Essentially, Islamic banking entails banks giving out loans for Investments, Projects, Leases and Mortgages and not charging interests on them upfront as would normal Commercial banks, including all the shylock banks in Nigeria that have virtually killed industry and manufacturing sending unemployment rates sky high because of the cut-throat lending rates of between 30-40 Percent, sometimes more.  So what could be better than that, especially for a very depressed economy, that desperately needs some cheap money for investment and industrial growth as in Nigeria? What sort of production or manufacturing will you do to pay back 30% interest after the heavy overheads costs of providing your own electricity, Water, Security and sometimes road in a country where government has absconded from all their responsibilities to the people?

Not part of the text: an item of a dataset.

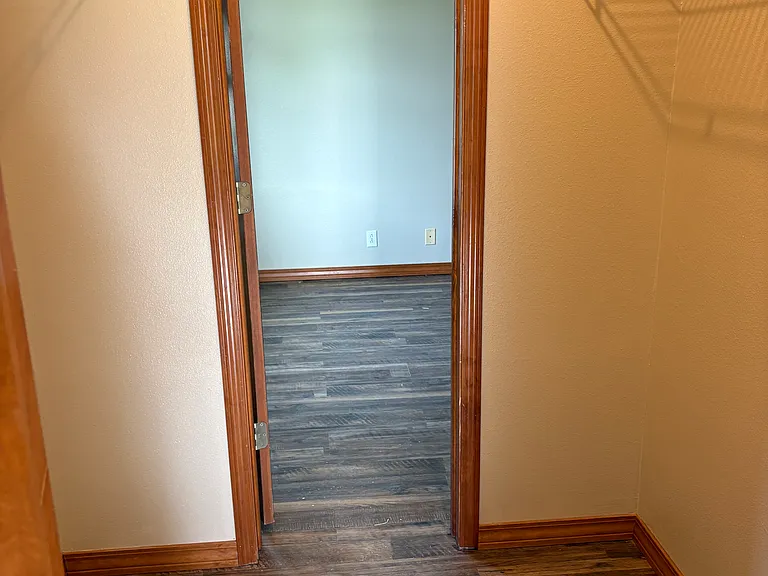 617 Valley View St #1 — Photo 15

Is Islamic banking cost-free? No it is not as they still have to pay their workers, including the MD and managers wages; buy computers and other Office equipments for operation, rent or acquire buildings for their operations and carry many other Overheads- both variable and fixed, as in any other commercial organization. So how would the Islamic banks recover their costs then if they don't charge for the costs of their borrowings- the essence of commercial banking? They do make profits still because they get more involved with the business of the borrower- better relationship banking- and making sure that every loan investment generates profit which the bank now shares with the borrower. That way they take more interest in the business or investment of the borrower, as they cannot afford to fail and they lose their monies. The concept or principle cannot be better for Nigeria!

I am very disappointed in the behavior of some parochial and myopic Christian pastors who see Islamic banking as 'a way of trying to Islamize an otherwise secular country like Nigeria.' How can a banking practice 'Islamize the whole of Nigeria? Why this unnecessary scare mongering. I think some of these pastors like Ayo Oritsejafor, are not been sincere or been economical with the truth. You know that many of the conventional bank MDs are also 'Pastors,' including the thieving Erasmus Akingbola, former MD of Intercontinental bank. Oritsejafor himself runs a Micro Finance bank through his church in Warri, called Eagle Flight Micro Finance Bank at Warri , Delta State, Nigeria, and I begin to suspect ulterior motives and hypocrisy in his criticism of Islamic banking and of the Central bank governor Sanusi Lamido Sanusi, who has been doing a great job as a professional banker to clean up the mess left by the previous CBN governor, Prof Charles Soludo.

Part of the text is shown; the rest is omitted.